Hands-On Explainable AI(XAI) with Python
上QQ阅读APP看书,第一时间看更新

Getting started with Facets

In this section, we will install Facets in Python, using Jupyter Notebook on Google Colaboratory.

We will then retrieve the training and testing datasets. Finally, we will read the data files.

The data files are the training and testing datasets from Chapter 1, Explaining Artificial Intelligence with Python. This way, we are in a situation in which we know the subject and can analyze the data without having to spend time understanding what it means.

Let's first install Facets on Google Colaboratory.

Installing Facets on Google Colaboratory

Open Facets.ipynb. The first cell contains the installation command:

# @title Install the facets-overview pip package.
!pip install facets-overview

The installation may be lost when the virtual machine (VM) is restarted. If this is the case, it will be installed again. If Facets is installed, the following message is displayed:

Requirement already satisfied:

The program will now retrieve the datasets.

Retrieving the datasets

The program retrieves the datasets from GitHub or Google Drive.

To import the data from GitHub, set the import option to repository = "github".

To read the data from Google Drive, set the option to repository = "google".
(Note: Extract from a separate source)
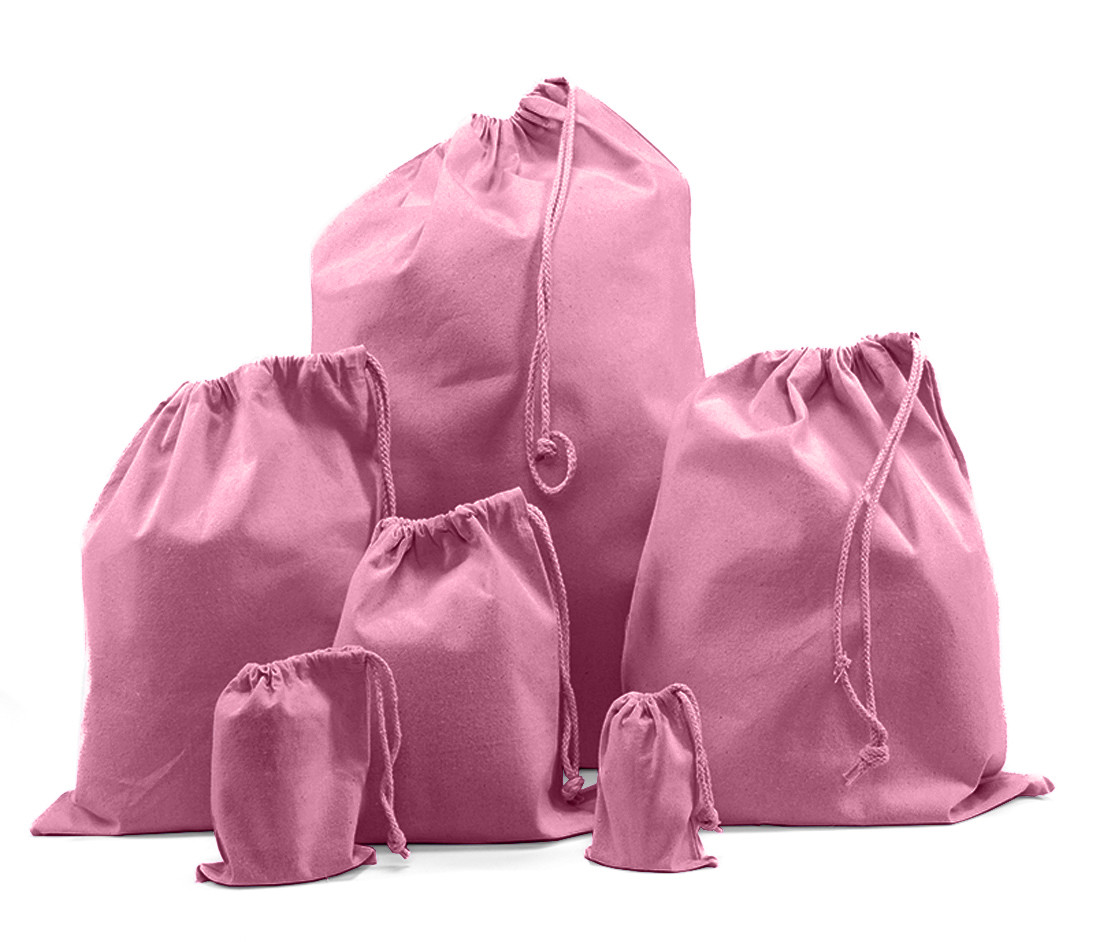 RECYCLED COTTON BAG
In this section, we will activate GitHub and import the data:

# @title Importing data <br>
# Set repository to "github"(default) to read the data
# from GitHub <br>
# Set repository to "google" to read the data
# from Google {display-mode: "form"}
import os
from google.colab import drive
# Set repository to "github" to read the data from GitHub
# Set repository to "google" to read the data from Google
repository = "github"
if repository == "github":
  !curl -L https://raw.githubusercontent.com/PacktPublishing/Hands-On-Explainable-AI-XAI-with-Python/master/Chapter03/DLH_train.csv --output "DLH_train.csv"
  !curl -L https://raw.githubusercontent.com/PacktPublishing/Hands-On-Explainable-AI-XAI-with-Python/master/Chapter03/DLH_test.csv --output "DLH_test.csv"

The data is now accessible to our runtime. We will set the path for each file:

 # Setting the path for each file
  dtrain = "/content/DLH_train.csv"
  dtest = "/content/DLH_test.csv"
 print(dtrain, dtest)

You can choose the same actions with Google Drive:

if repository == "google":
  # Mounting the drive. If it is not mounted, a prompt
  # will provide instructions
  drive.mount('/content/drive')
  # Setting the path for each file
  dtrain = '/content/drive/My Drive/XAI/Chapter03/DLH_Train.csv'
  dtest = '/content/drive/My Drive/XAI/Chapter03/DLH_Train.csv'
  print(dtrain, dtest)

We have installed Facets and can access the files. We will now read the files.

Reading the data files

In this section, we will use pandas to read the data files and load them into DataFrames.

We will first import pandas and define the features:

# Loading Denis Rothman research training and testing data
# into DataFrames
import pandas as pd
features = ["colored_sputum", "cough", "fever", "headache", "days",
            "france", "chicago", "class"]

The data files contain no headers so we will use our features array to define the names of the columns for the training data:

train_data = pd.read_csv(dtrain, names=features, sep=r'\s*,\s*',
                         engine='python', na_values="?")

The program now reads the training data file into a DataFrame:

test_data = pd.read_csv(dtest, names=features, sep=r'\s*,\s*',
                        skiprows=[0], engine='python', na_values="?")

Having read the data into DataFrames, we can now implement feature statistics for our datasets.